From the Cancer Genomics Division, National Cancer Center Research Institute, Tokyo, Japan; Department of Pediatrics, Kyoto Prefectural University of Medicine, Japan; Leukaemia Research Fund Centre, Institute of Cancer Research, Chester Beatty Laboratories, London, United Kingdom; Division of Pediatrics, Osaka City General Hospital, Japan; Department of Pediatrics, Saga Medical School, Japan; Department of Pediatrics and Developmental Biology, Postgraduate Medical School, Tokyo Medical and Dental University, Japan; and Kyoto City Institute of Health and Environmental Sciences, Japan.

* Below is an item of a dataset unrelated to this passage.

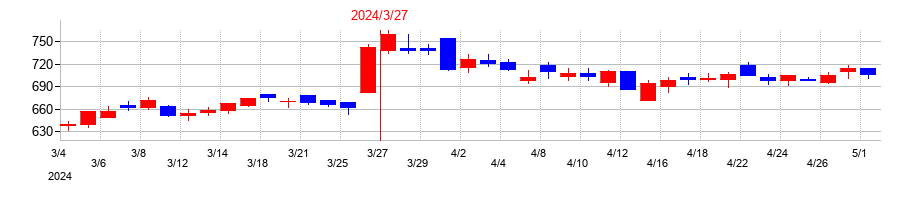 2024年の巴コーポレーションの配当落ち日前後の株価チャート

Most patients with acute myeloid leukemia (AML) enter complete remission (CR) after treatment with chemotherapy, but a large number of them experience relapse with resistant disease. To identify genes that are associated with their prognoses, we analyzed gene expression in 54 pediatric patients with AML using an oligonucleotide microarray that contained 12 566 probe sets. A supervised approach using the Student t test selected a prognostic set of 35 genes, some of which are associated with the regulation of cell cycle and apoptosis. Most of these genes had not previously been reported to be associated with prognosis and were not correlated with morphologically classified French-American-British (FAB) subtypes or with karyotypes. These results indicate the existence of prognosis-associated genes that are independent of cell lineage and cytogenetic abnormalities, and they can provide therapeutic direction for individual risk-adapted therapy for pediatric AML patients.